#### INPUT DATA:
++++
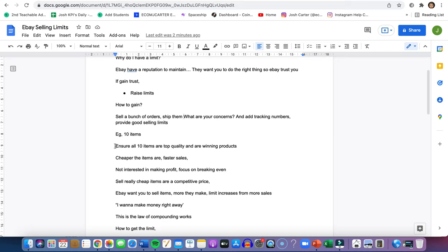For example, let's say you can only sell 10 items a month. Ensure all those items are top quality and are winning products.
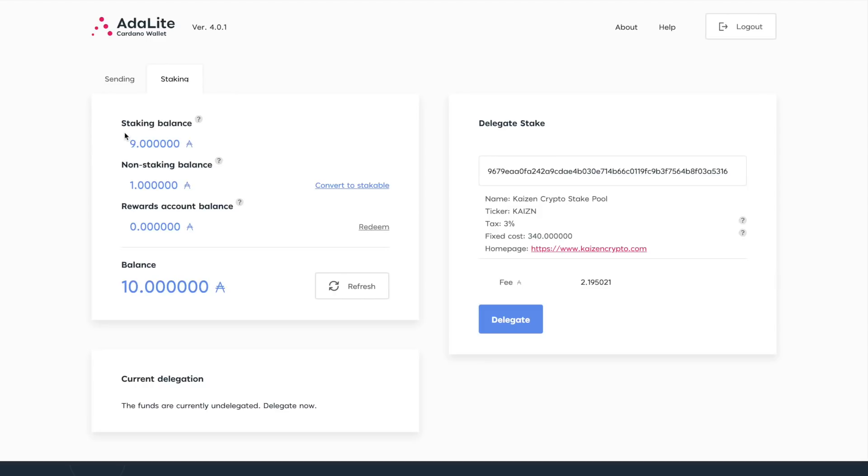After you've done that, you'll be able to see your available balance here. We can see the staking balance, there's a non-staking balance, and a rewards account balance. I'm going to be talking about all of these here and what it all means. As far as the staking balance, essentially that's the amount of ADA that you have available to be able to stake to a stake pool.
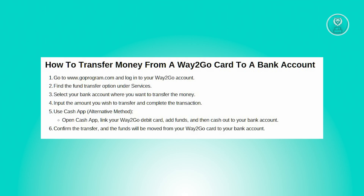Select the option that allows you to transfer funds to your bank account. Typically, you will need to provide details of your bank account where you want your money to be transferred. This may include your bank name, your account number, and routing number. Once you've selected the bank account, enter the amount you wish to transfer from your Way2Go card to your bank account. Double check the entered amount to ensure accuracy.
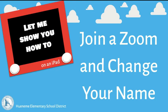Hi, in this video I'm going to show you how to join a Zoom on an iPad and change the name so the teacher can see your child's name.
++++
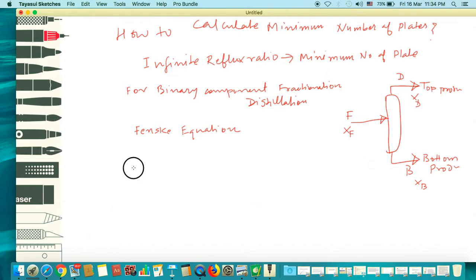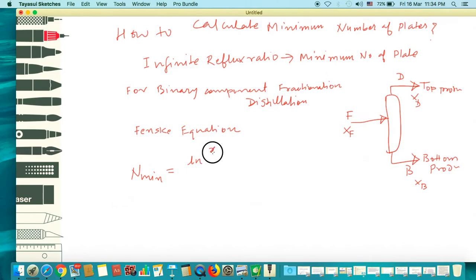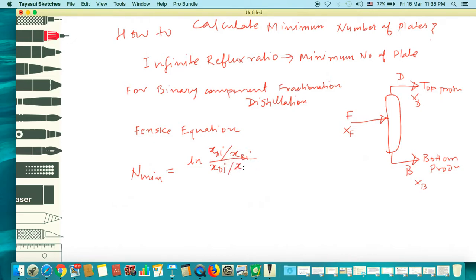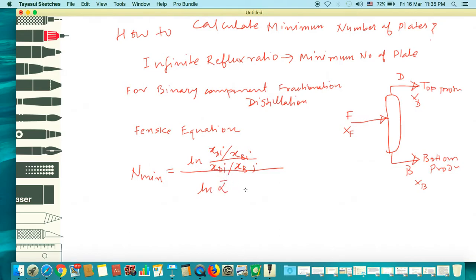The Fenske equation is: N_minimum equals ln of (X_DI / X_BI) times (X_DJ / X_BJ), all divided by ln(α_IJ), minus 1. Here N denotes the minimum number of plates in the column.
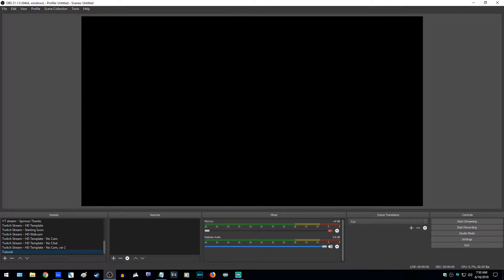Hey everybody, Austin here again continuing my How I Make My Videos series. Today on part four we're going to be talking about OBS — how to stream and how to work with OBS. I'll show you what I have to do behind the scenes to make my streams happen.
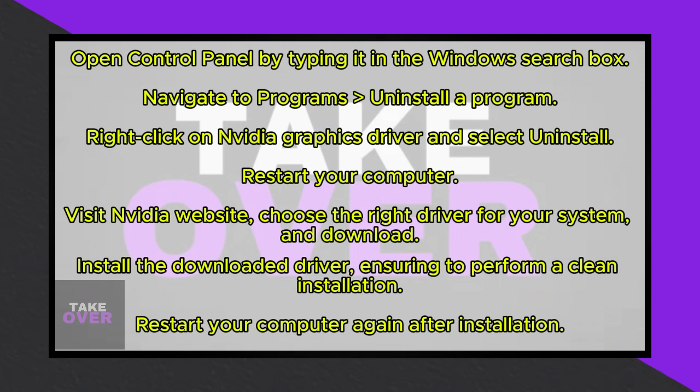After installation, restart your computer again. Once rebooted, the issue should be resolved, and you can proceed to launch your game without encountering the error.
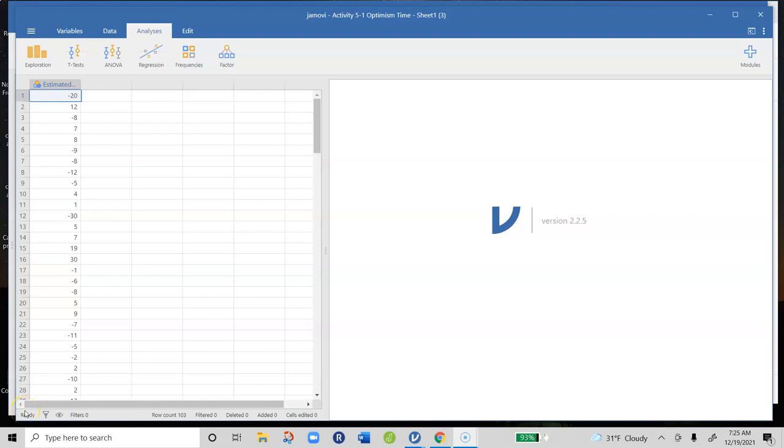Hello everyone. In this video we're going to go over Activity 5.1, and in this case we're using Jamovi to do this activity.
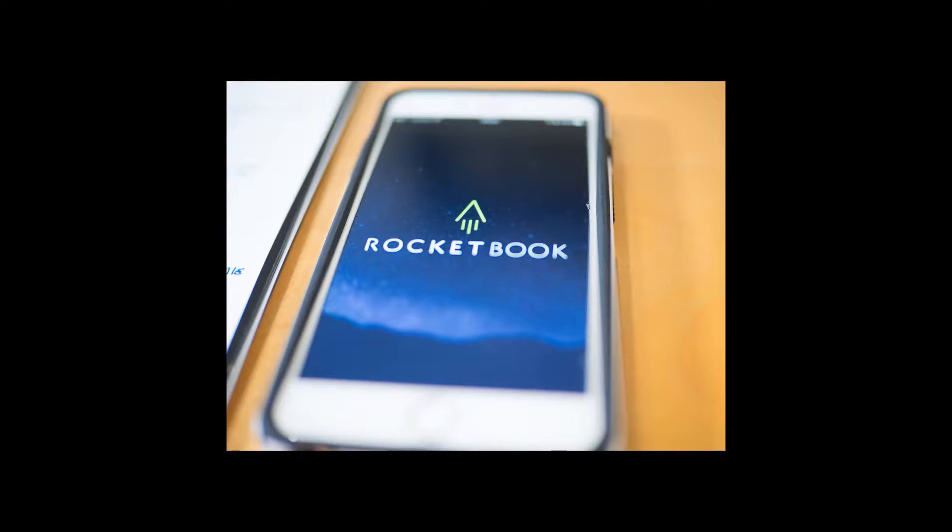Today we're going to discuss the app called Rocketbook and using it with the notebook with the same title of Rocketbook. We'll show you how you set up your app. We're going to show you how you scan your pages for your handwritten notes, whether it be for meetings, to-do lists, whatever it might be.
++++
#### YOUR OBJECTIVE:
Every line from the one with "After installation, restart" through the one with "Hello everyone. In" is to be reproduced exactly as written above, and the pictures are to be dropped.

#### PROBLEM SOLUTION:
After installation, restart your computer again. Once rebooted, the issue should be resolved, and you can proceed to launch your game without encountering the error.
Hello everyone. In this video we're going to go over Activity 5.1, and in this case we're using Jamovi to do this activity.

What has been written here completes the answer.